A.k.a. Psychic Sophie
Patricia Moore-King is one of many people making a living out of charging gullible people money in return for Tarot card readings, for psychic and clairvoyant readings, and for answering strangers’ personal questions in person, over the phone, or by email. Her answers and advice – “spiritual counseling” – are apparently based on astrology, “psychic/clairvoyant/medium development,” and energy healing, and will, according to herself, bring “forth the inherent wisdom of the God-self within each of her client’s souls in order to help them achieve spiritual enlightenment.” In addition, she does Reiki, which is Eastern faith healing that supposedly “produces beneficial effects by strengthening and normalizing certain vital energy fields held to exist within the body.” Nothing she does has even the remotest connection to reality, but neither have her customers. She is apparently also willing, for a fee, to come to parties and entertain guest with her psychic tricks.

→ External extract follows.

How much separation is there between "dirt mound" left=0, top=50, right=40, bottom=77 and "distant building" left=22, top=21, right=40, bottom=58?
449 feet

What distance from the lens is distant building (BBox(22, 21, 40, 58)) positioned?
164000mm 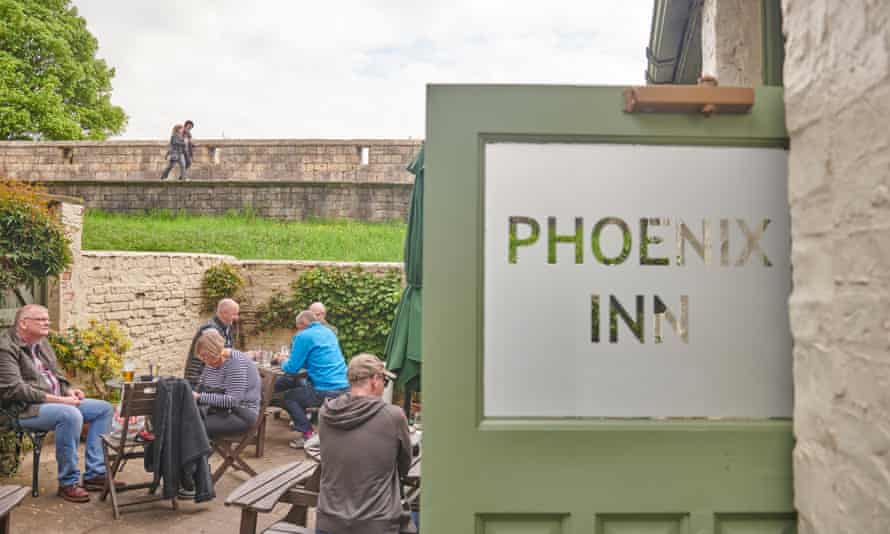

So, ok, there is nothing special with regard to the bullshit she offers compared to others in her profession . The only reason we encountered her name, is because of her legal complaint challenging county ordinances in Virginia that require psychics and fortune tellers to get licenses and submit to regulation, alleging that the fact that she needed a business license violates the Free Speech clause, the Free Exercise clause and the Equal Protection clause, as well as the Religious Land Use and Institutionalized Persons Act. The courts were not impressed (details here). She also tried to explain why she doesn’t consider herself a “fortune teller”, to no avail. In fact, the most interesting thing about the ruling is not that the courts agree that fortune telling is “inherently deceptive”, which it is, and therefore that the county is free to regulate it as it pleases (in addition to outright banning it), but their ruling that it does not constitute religious practice, which raises some interesting and rather thorny issues (good discussion here).
Diagnosis: It is tempting in these cases to give the candidate the benefit of doubt and dismiss her as a “fraud”, but it’s safer to go for deranged lunatic. The critical thinking abilities of those who pay for her services aren’t much to write home about either.